▽
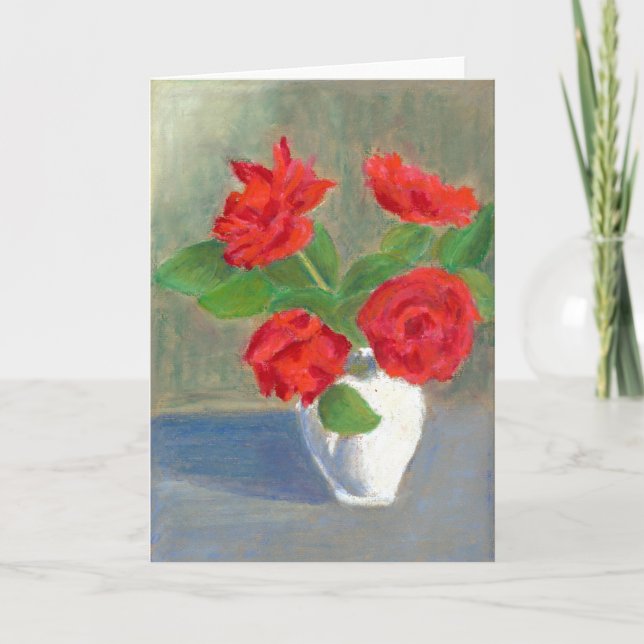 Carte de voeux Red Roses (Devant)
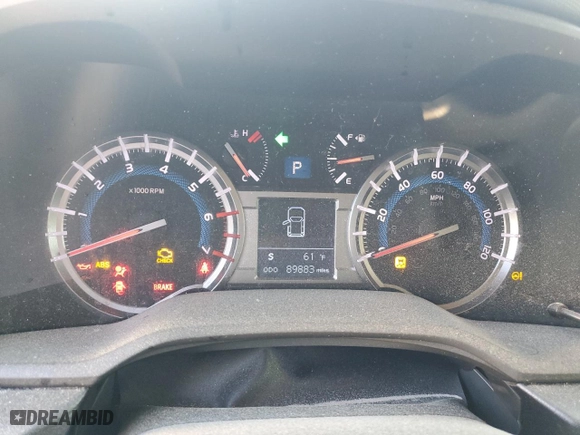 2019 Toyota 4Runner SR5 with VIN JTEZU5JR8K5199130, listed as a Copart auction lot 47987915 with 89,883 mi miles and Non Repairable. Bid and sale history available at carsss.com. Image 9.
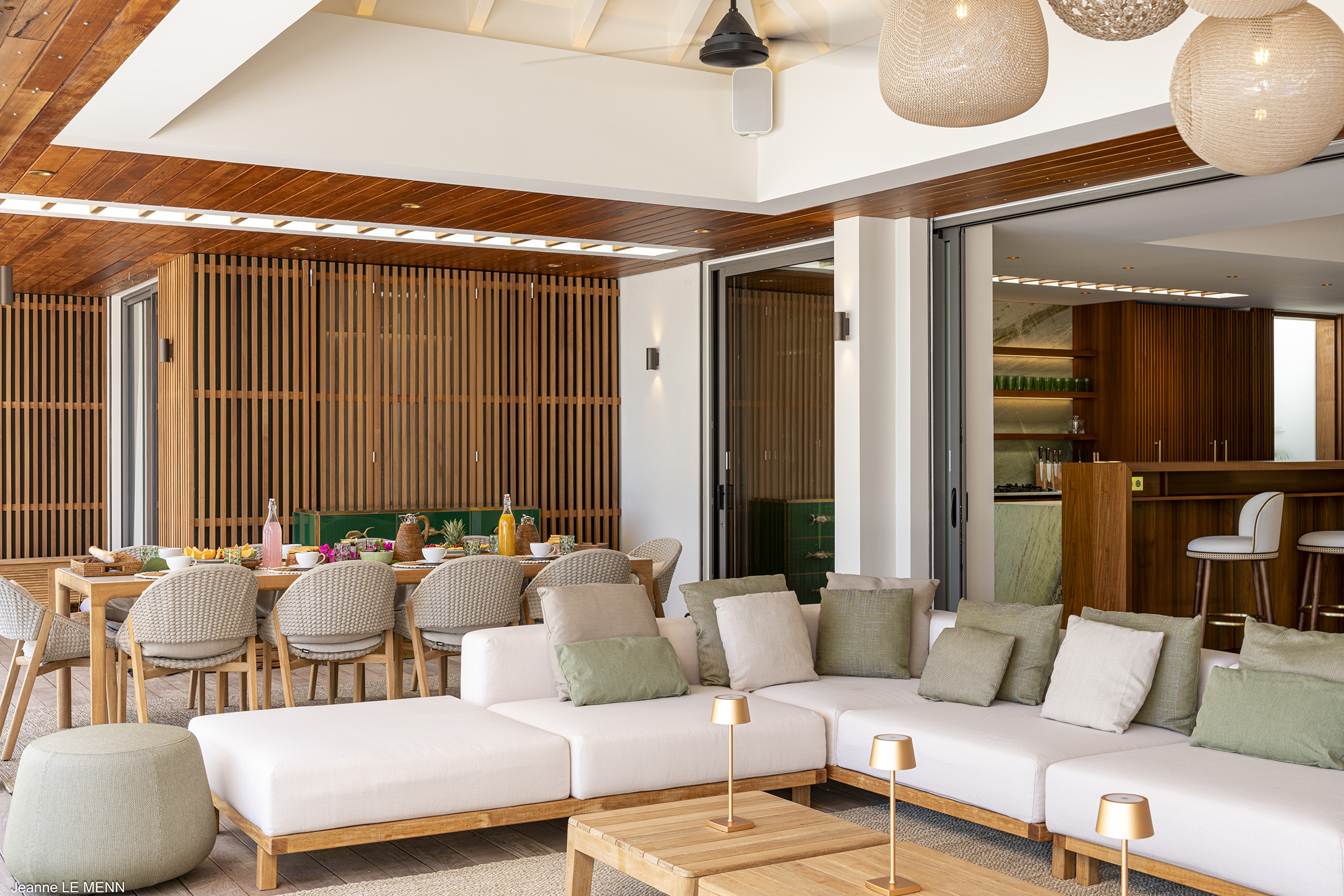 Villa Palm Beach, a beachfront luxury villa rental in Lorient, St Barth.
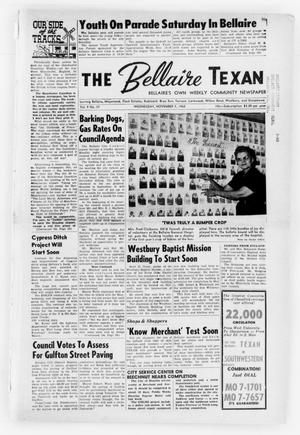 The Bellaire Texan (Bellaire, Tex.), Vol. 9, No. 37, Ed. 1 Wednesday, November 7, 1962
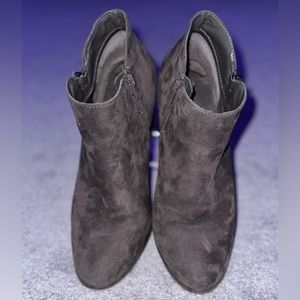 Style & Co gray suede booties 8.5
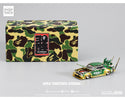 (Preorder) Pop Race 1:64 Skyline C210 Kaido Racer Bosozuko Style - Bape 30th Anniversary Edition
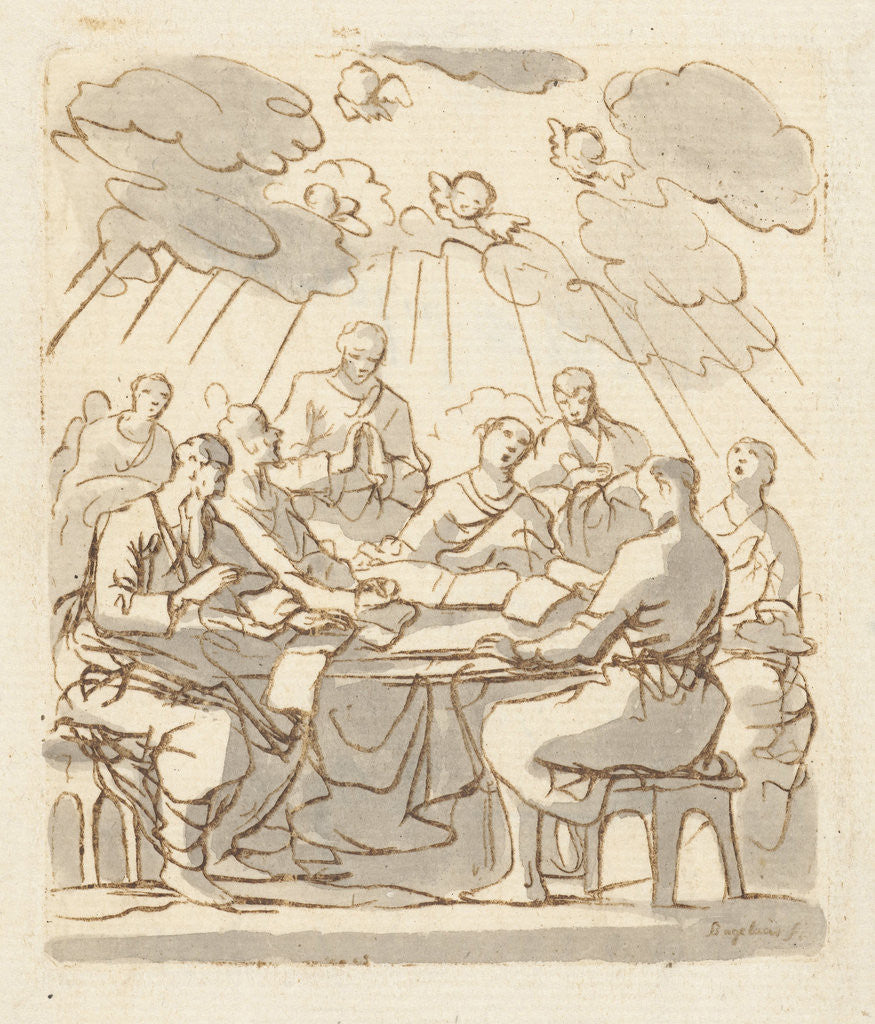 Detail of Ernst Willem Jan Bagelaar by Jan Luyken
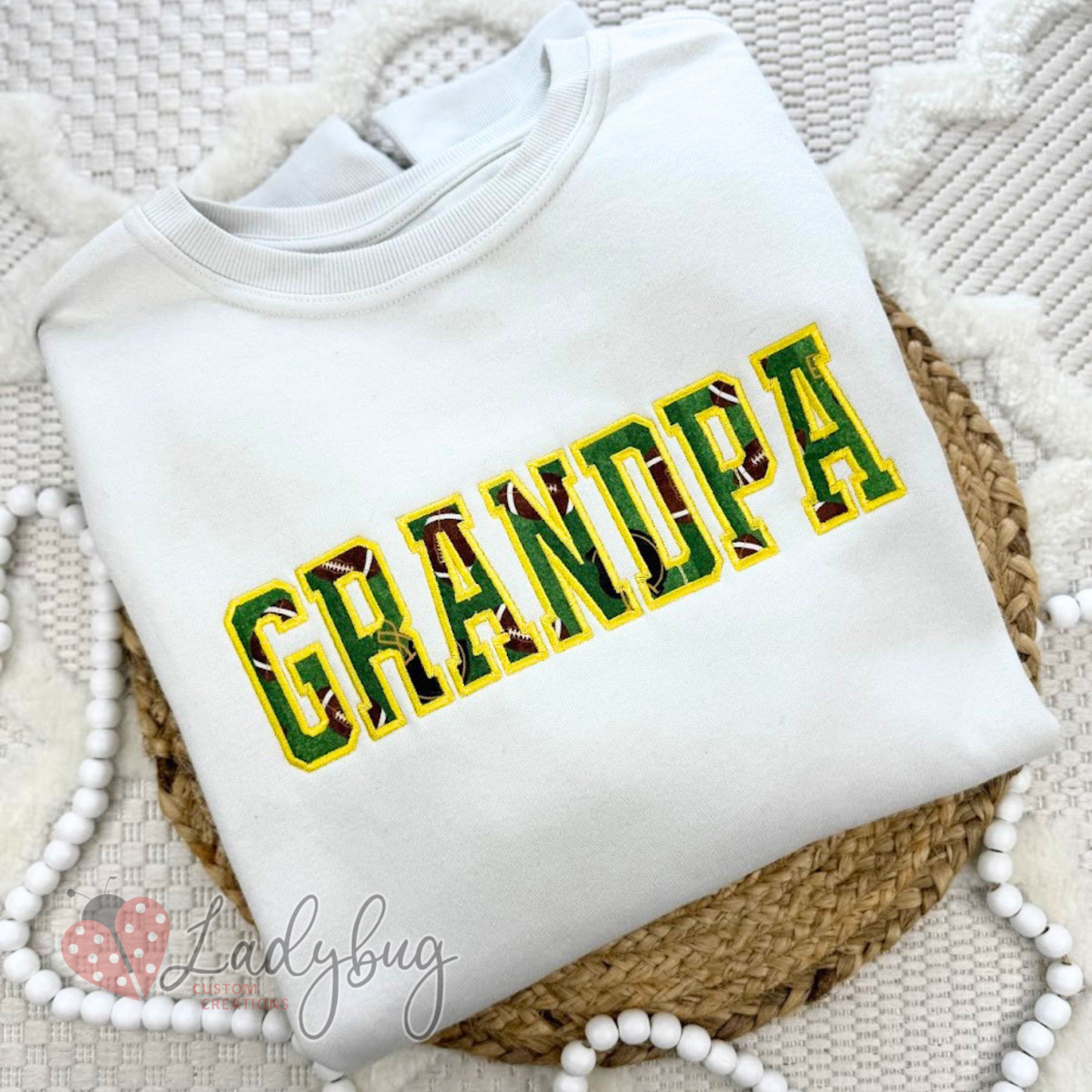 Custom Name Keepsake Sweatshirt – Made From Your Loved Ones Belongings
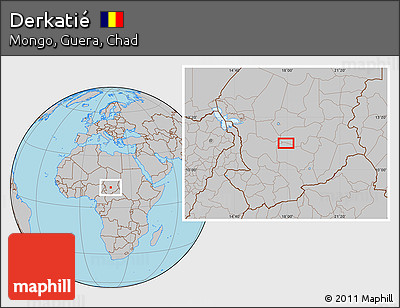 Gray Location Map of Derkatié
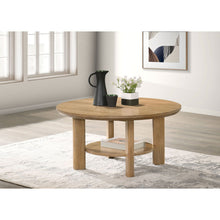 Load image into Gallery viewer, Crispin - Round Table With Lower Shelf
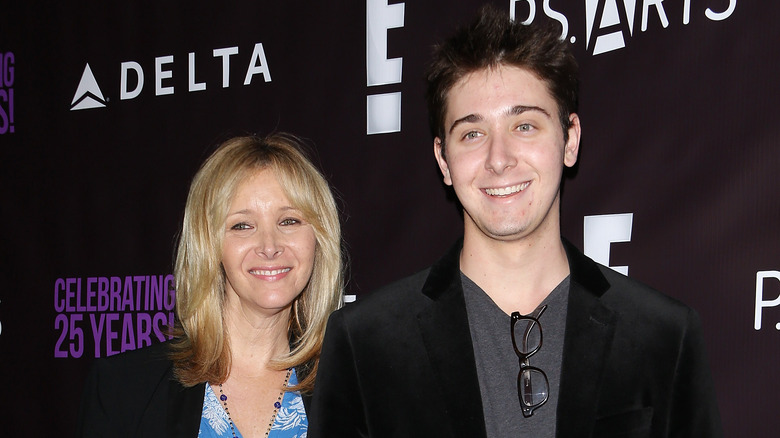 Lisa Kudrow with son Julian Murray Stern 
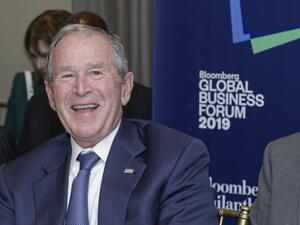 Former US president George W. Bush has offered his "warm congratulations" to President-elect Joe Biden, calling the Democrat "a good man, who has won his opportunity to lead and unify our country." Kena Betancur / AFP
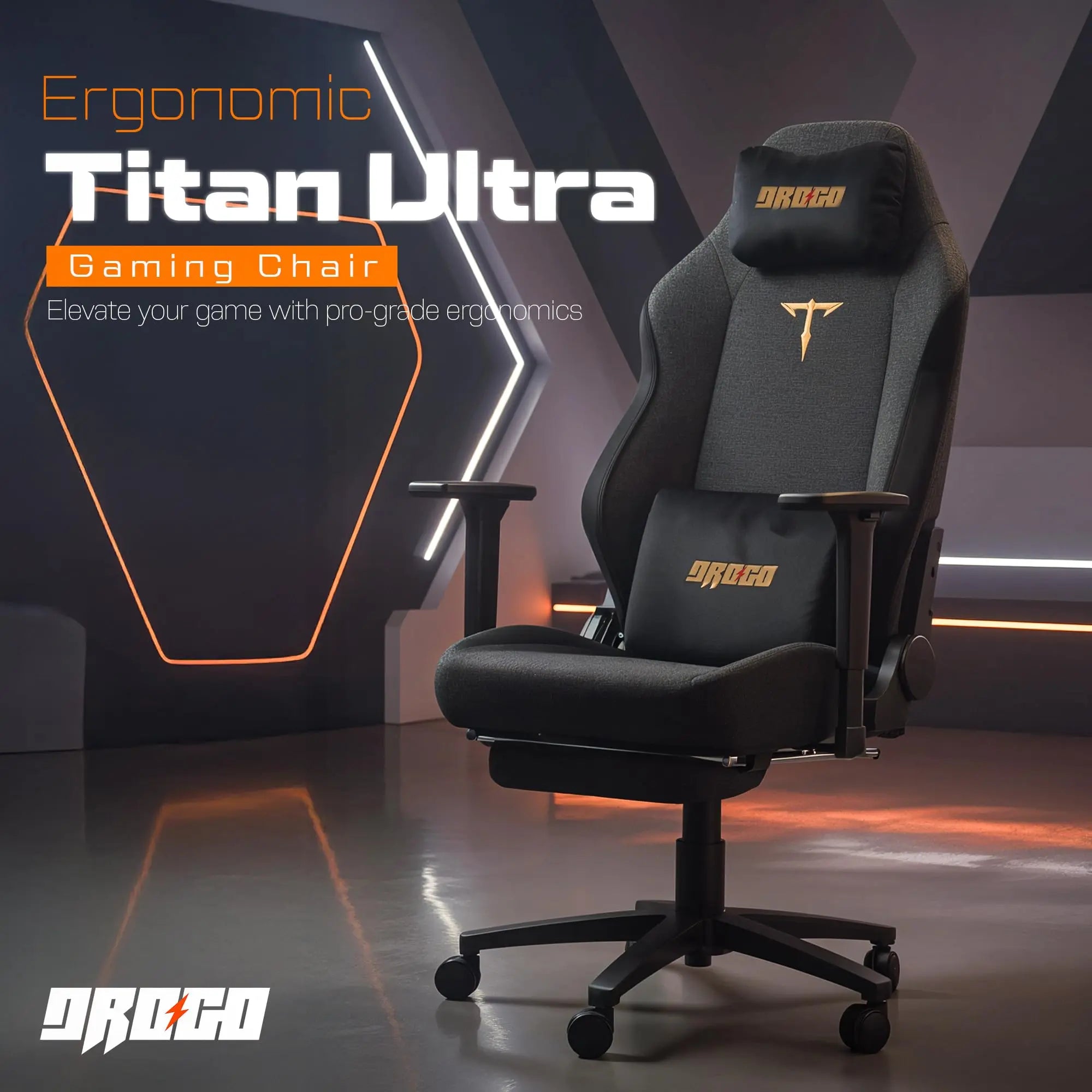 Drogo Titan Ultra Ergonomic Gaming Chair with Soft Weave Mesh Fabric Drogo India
△
The answer must consist of the line containing "The Bellaire Texan" and every line after it through the end of the records, retyped exactly, with all pictures left out.

Completed task:
 The Bellaire Texan (Bellaire, Tex.), Vol. 9, No. 37, Ed. 1 Wednesday, November 7, 1962
 Style & Co gray suede booties 8.5
 (Preorder) Pop Race 1:64 Skyline C210 Kaido Racer Bosozuko Style - Bape 30th Anniversary Edition
 Detail of Ernst Willem Jan Bagelaar by Jan Luyken
 Custom Name Keepsake Sweatshirt – Made From Your Loved Ones Belongings
 Gray Location Map of Derkatié
 Load image into Gallery viewer, Crispin - Round Table With Lower Shelf
 Lisa Kudrow with son Julian Murray Stern 
 Former US president George W. Bush has offered his "warm congratulations" to President-elect Joe Biden, calling the Democrat "a good man, who has won his opportunity to lead and unify our country." Kena Betancur / AFP
 Drogo Titan Ultra Ergonomic Gaming Chair with Soft Weave Mesh Fabric Drogo India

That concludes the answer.